Blocos are generally associated with particular neighbourhoods; they include both a percussion or music group and an entourage of revellers. Block parades have become an expressive feature of Rio's Carnival. Today, they number more than 100 and the groups increase each year. Blocos can be formed by small or large groups of revellers with a distinct title with an often funny pun. They may also note their neighbourhood or social status. Before the show, they gather in a square, then parade in sections of the city, often near the beach. Some blocos never leave one street and have a particular place, such as a bar, to attract viewers. Block parades start in January, and may last until the Sunday after Carnival.

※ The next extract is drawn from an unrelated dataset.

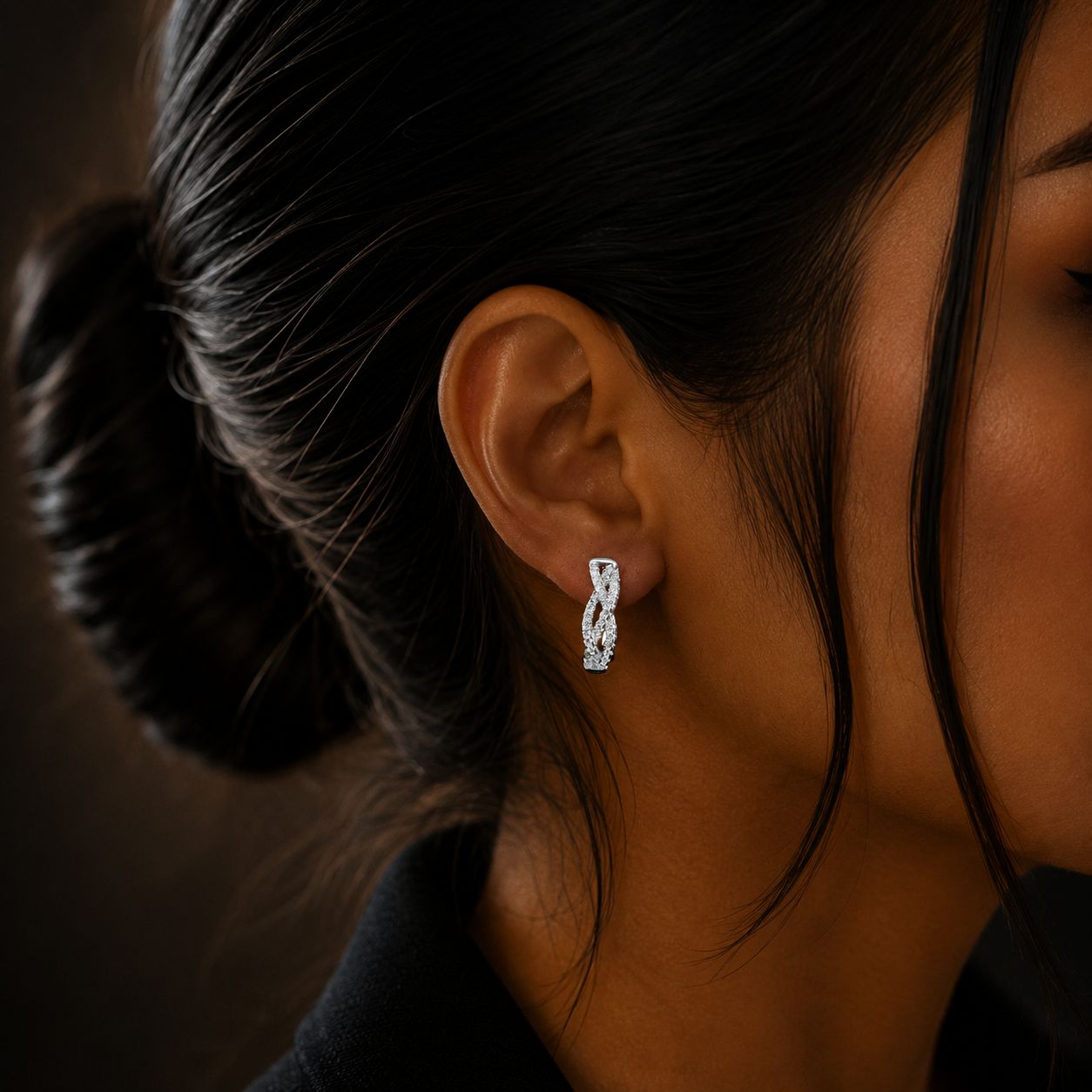 Twisted Elegance Silver Diamond Loop Earrings for Women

Samba schools are very large groups of performers, financed by respected organizations (as well as illegal gambling groups), who work year round in preparation for Carnival. Samba Schools perform in the Sambadrome, which runs four entire nights. They are part of an official competition, divided into seven divisions, in which a single school is declared the winner, according to costume, flow, theme, and band music quality and performance. Some samba schools also hold street parties in their neighbourhoods, through which they parade along with their followers.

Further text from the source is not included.